Years back, when I was waitressing and smelled like garlic bread, I would often return home at midnight or later. Car jackings were big in the news, and also that story about the rapist who hid under cars and slashed women’s feet to bring them to the ground, and my future husband started feeling worried about my safety.
He briefly thought I should own a gun. I’ve never liked guns, though I have nothing personal against them: the men in my family hunt. Myself, I feel squeamish holding one and frightened firing one. Future Husband thought he would help me over this aversion by taking me on a date to a firing range (which is considered a dating destination only in Texas and Montana).
At the firing range, I quickly distinguished myself as a gun dork. I had always been a dork in other areas: dancing comes immediately to mind, and also sports. I run like a duck, and when I play baseball, I close my eyes when I bat or catch, even if the bat and ball are plastic. I’ve learned to sort of play tennis, but during my first lesson, when the pro was trying to teach me how to serve, I tossed the ball into the air, lost sight of it, and it actually hit me in the face. (The pro gave me a discount for laughing instead of teaching.)
But the firing range… now that place elevated me to a whole new dork echelon. I flinched every time a gun fired. I made a squinty, sour-lemon face when I aimed. And no matter how hard I tried, my eyes closed as soon as I pulled the trigger, which does not help your marksmanship at all. Future Husband quickly saw that the world would be far safer if I never, ever handled a gun.
But Future Husband was still worried about me coming home so late… maybe not worried enough to drag himself out of bed after midnight to escort me home – he didn’t know he was my future husband back then, and I DID look pretty dorky at the firing range – but still, he wanted to keep me safe.

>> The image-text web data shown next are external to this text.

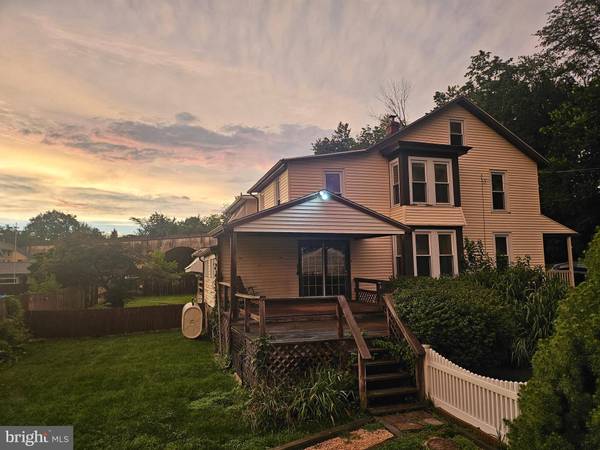 120 AMELIA ST, Mont Clare, PA 19453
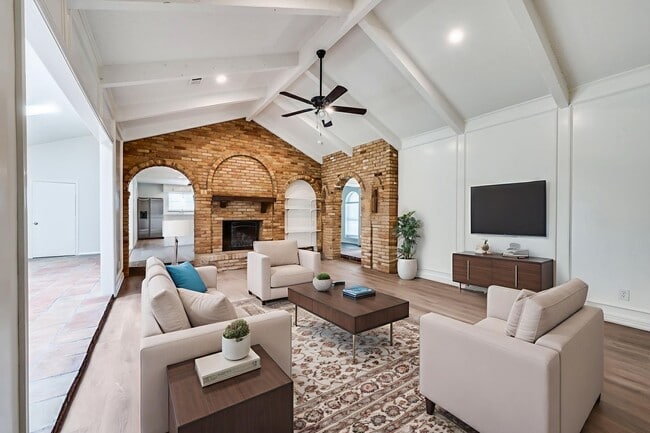 Building Photo - 1710 Green Oaks Dr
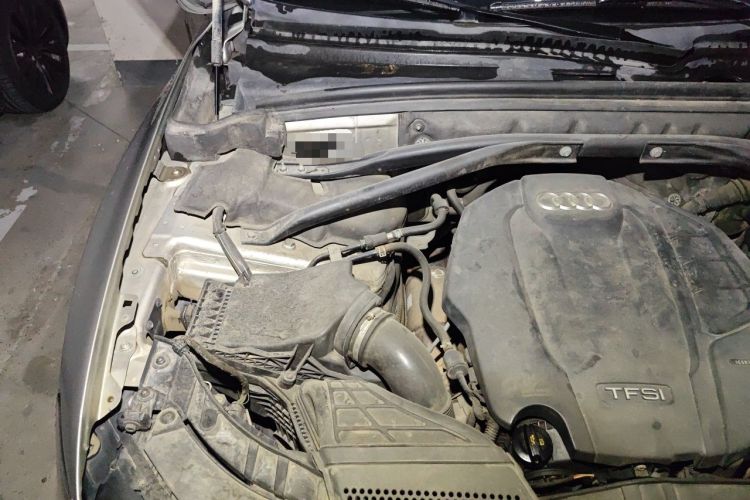 Used Audi Q5 2016 40 TFSI Trendy Edition Engine Bay Right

So he bought me Pepper Spray for my Keychain. For a weapon, it was pretty girly: red leather case, keychain attachment, safety cap that kept it from discharging in a cluttered purse. I can’t remember what it was called, just that it sounded like a weapon for Barbie: My Guardian Angel, or Debutante Defender or some such. I read the instructions, and practiced with the enclosed Beta video. I even sprayed the thing once, with my eyes open! And I hit where I aimed, though the plant was not happy at all. I promised Future Husband I would carry it in my purse.
A month later, walking from my car to my apartment late at night, I got that shaky, skin-crawling feeling, looked behind me, and saw a man in the stairwell, just standing there, staring. The man was fairly close. Between my duck-waddle run and my locked door, I was fairly sure I couldn’t escape him if he charged. He was also standing between me and my car, so I couldn’t go back and drive away. You’re probably thinking cell phone, but they weighed 7 pounds back then and were only carried by really pretentious people.
I could think of only two options: prepare to scream my bloody head off, and take out my Guardian Angel Pepper Spray. I fumbled in my purse and popped open the leather cover. I flipped the safety lid and positioned my trembling finger on the nozzle. I kept my legs and feet moving toward my apartment while I replayed in my mind the instructions from Mr. Stay Calm on the instruction video: hold out your non-dominant hand. Yell STOP! Aim your pepper spray using your non-dominant hand as your shooting guide. Spray. Yell. Run for safety.
I kept walking, ready to shoot, arrived at my door, and glanced back to see – no one. Scary man was gone and I was safe.
Trembling with relief, I started to put away the Guardian Angel so that I could use my attached key. This was when I realized I was HOLDING THE PEPPER SPRAY BACKWARD.
If the man had charged, I would have held out my non dominant hand, yelled STOP!, and sprayed myself right in the face.
So I don’t carry pepper spray anymore. Though come to think of it, I’m sure it would have been a pretty good deterrent, with the potential victim abruptly macing herself and flopping around on the ground screaming in pain. If I were an attacker, I’d run.